Stored data
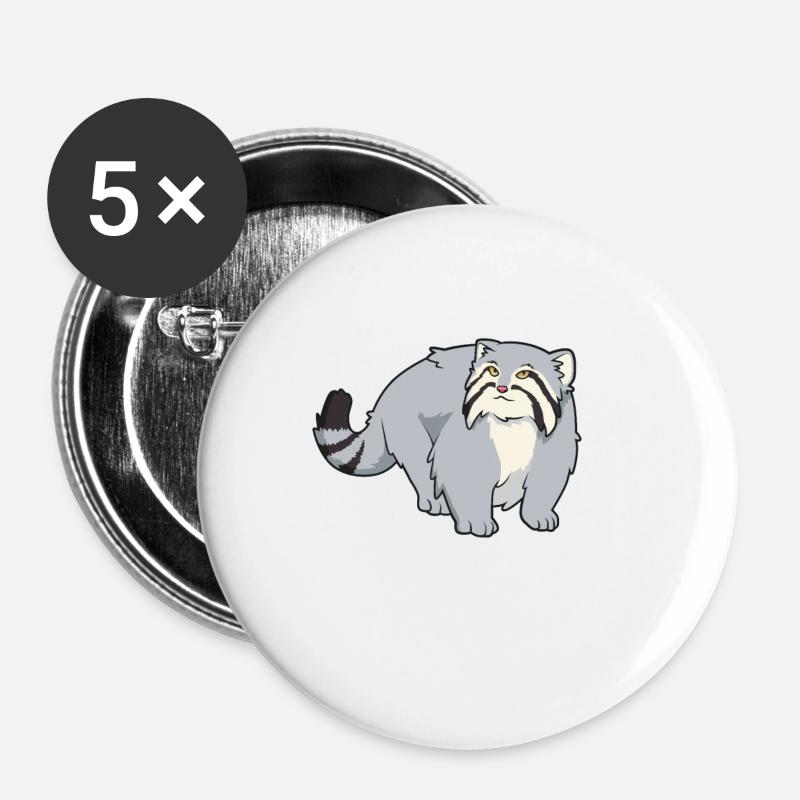 Kawaii Manul - Buttons large 2.2''/56 mm (5-pack) - white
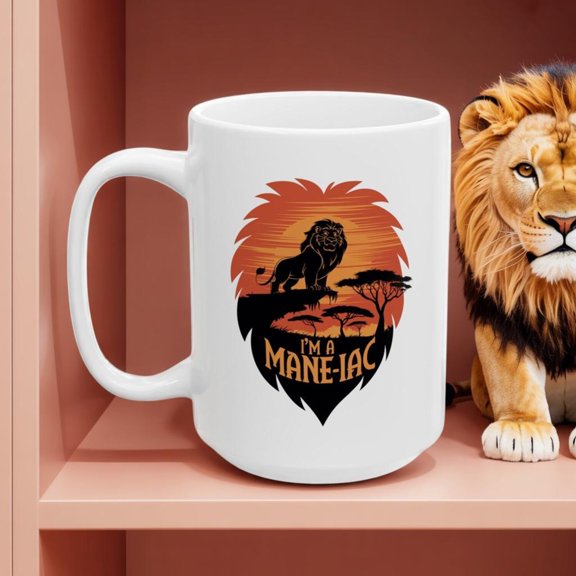 Lion Pun Ceramic Mug: I'm a Mane-iac""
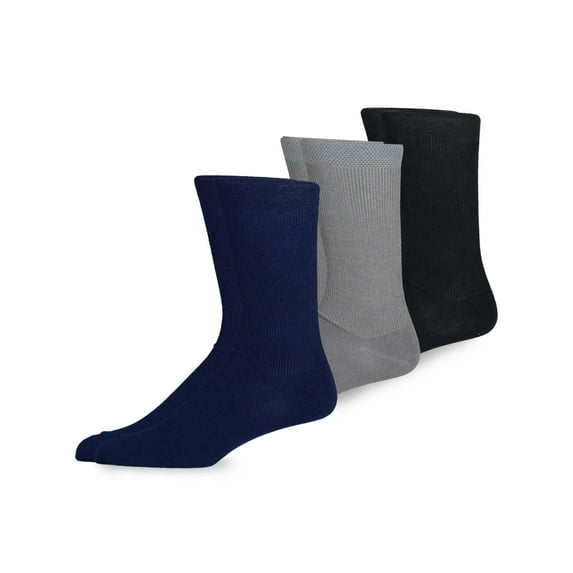 TeeHee Men's Bamboo Crew Dress Socks 3-pack (Ribbed Black, Grey, Navy)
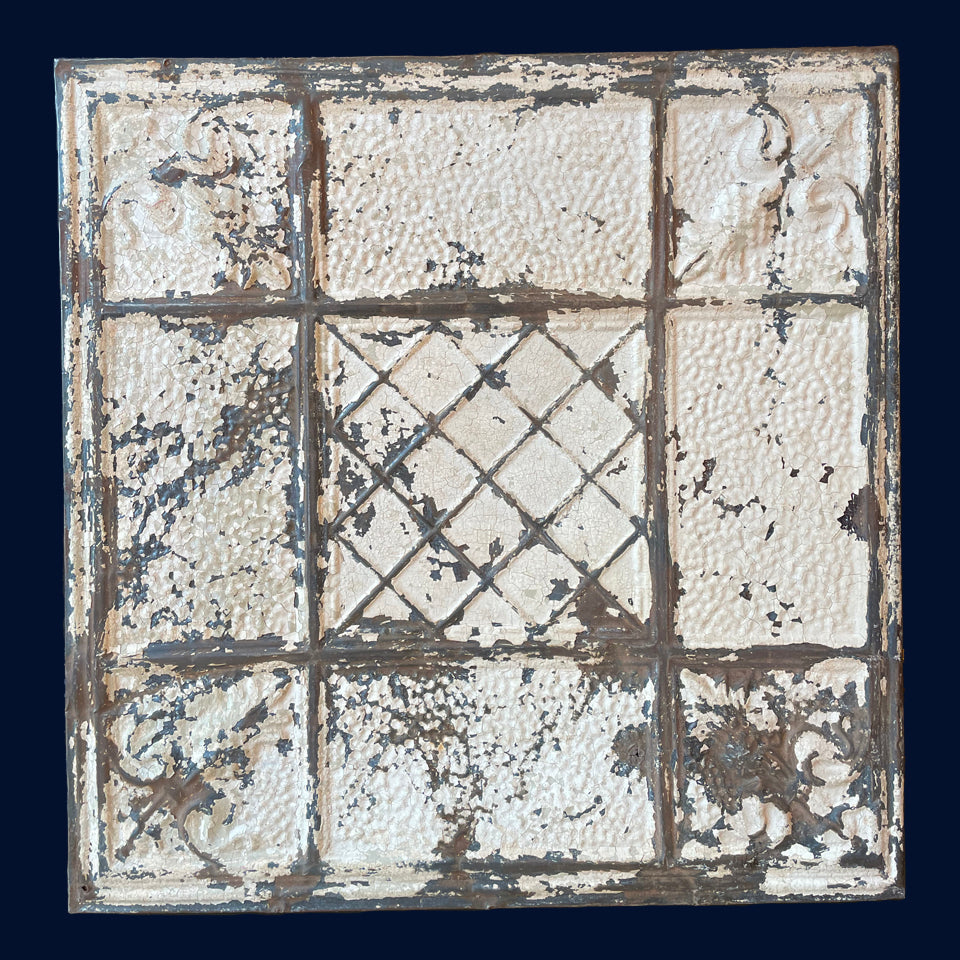 Framed Antique USA Tin Ceiling Tile (133)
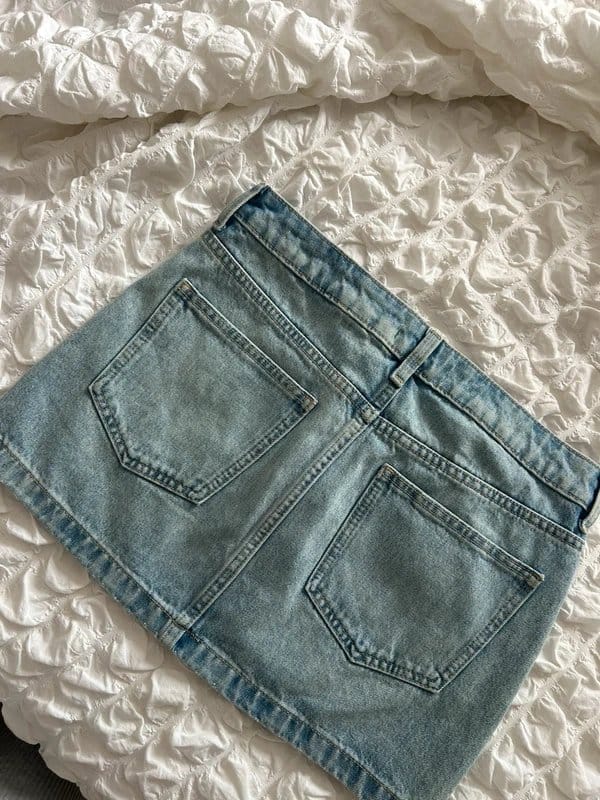 Topshop Light Blue Denim Mini Skirt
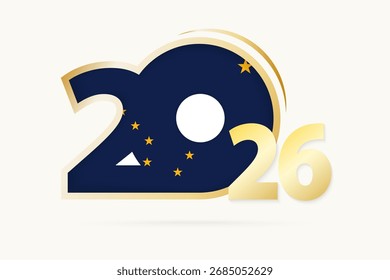 Año 2026 con el patrón de la bandera de Alaska. Ilustración vectorial.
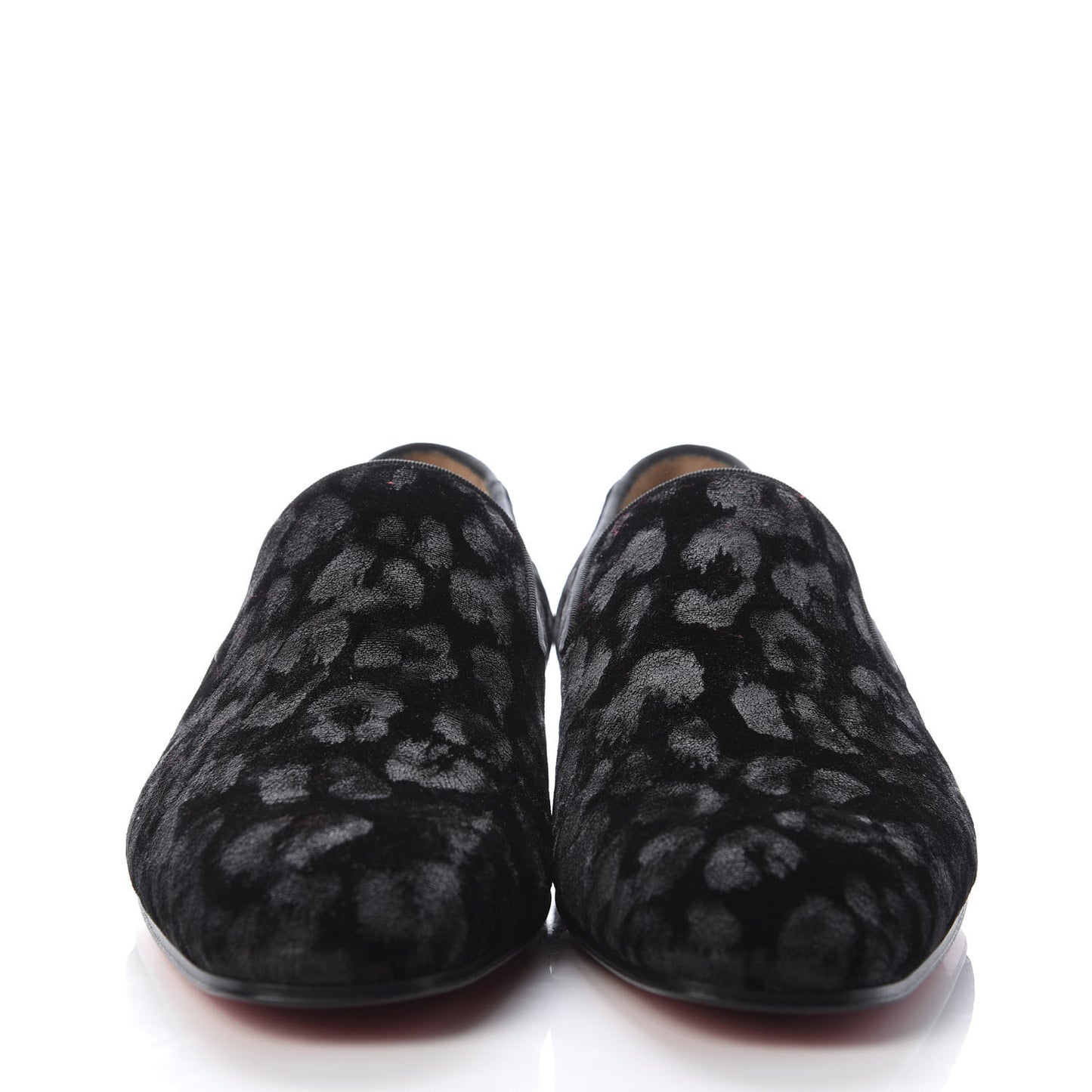 Velvet Jacquard Mens Captain Colonnaki Leopard Flat Loafers 41 Black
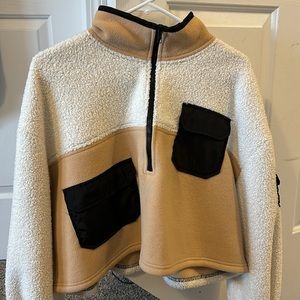 Urban Outfitters | Cropped Fleece Quarter Zip Pullover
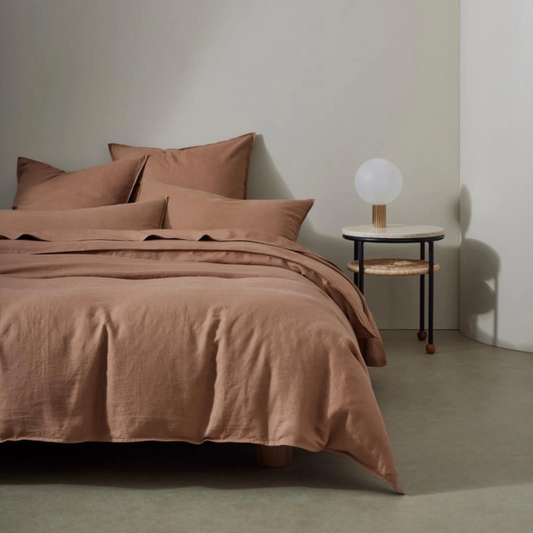 Ravello Linen Queen Flat Sheet | Biscuit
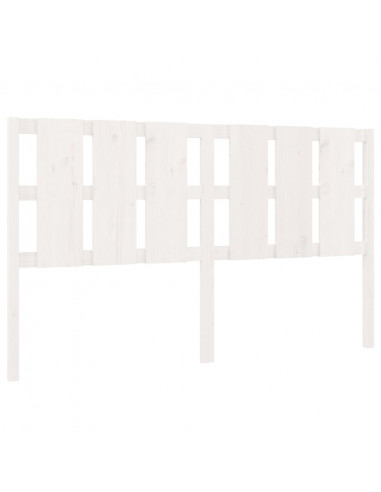 Testiera per Letto Bianca 185,5x4x100 cm Legno Massello di Pino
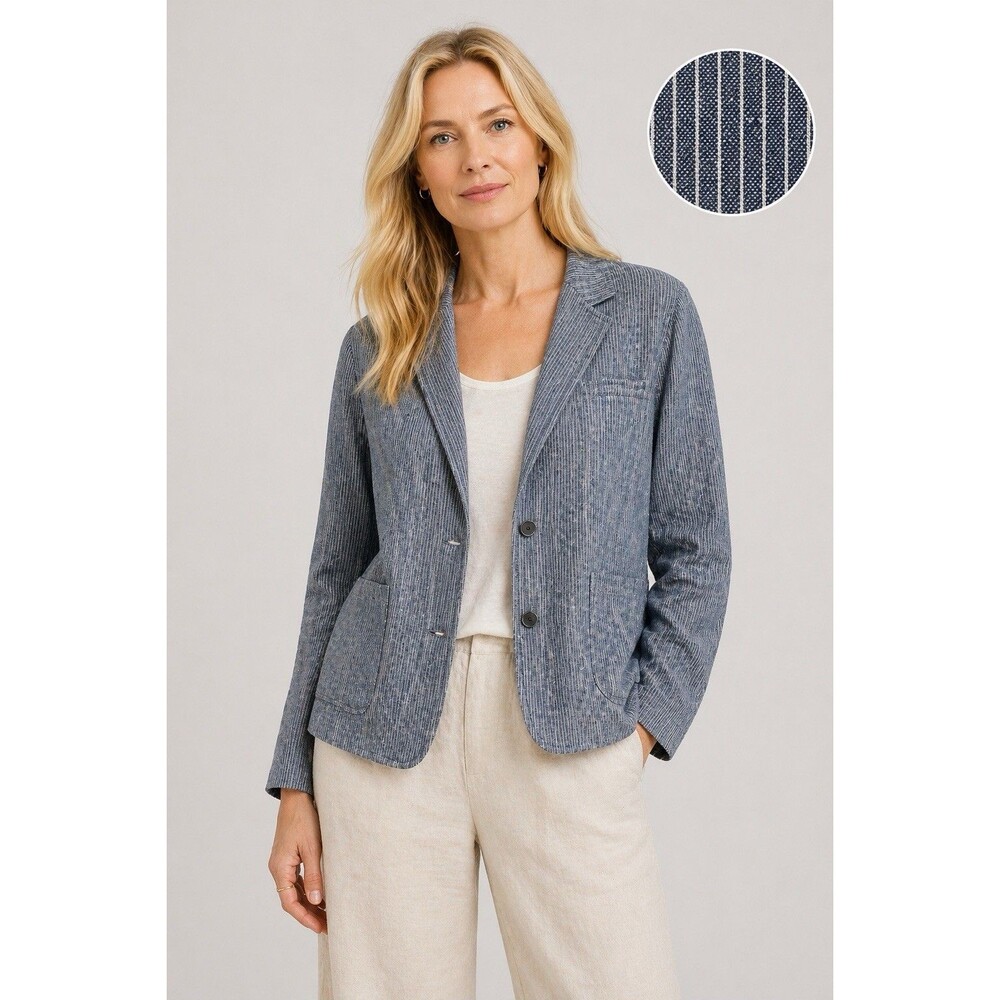 Eileen Fisher XL Chambray Linen Railroad Stripe Unstructured Blazer Jacket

■ Requirement: Output all the records above exactly, but without their images.

■ Reply to the exercise:
 Kawaii Manul - Buttons large 2.2''/56 mm (5-pack) - white
 Lion Pun Ceramic Mug: I'm a Mane-iac""
 TeeHee Men's Bamboo Crew Dress Socks 3-pack (Ribbed Black, Grey, Navy)
 Framed Antique USA Tin Ceiling Tile (133)
 Topshop Light Blue Denim Mini Skirt
 Año 2026 con el patrón de la bandera de Alaska. Ilustración vectorial.
 Velvet Jacquard Mens Captain Colonnaki Leopard Flat Loafers 41 Black
 Urban Outfitters | Cropped Fleece Quarter Zip Pullover
 Ravello Linen Queen Flat Sheet | Biscuit
 Testiera per Letto Bianca 185,5x4x100 cm Legno Massello di Pino
 Eileen Fisher XL Chambray Linen Railroad Stripe Unstructured Blazer Jacket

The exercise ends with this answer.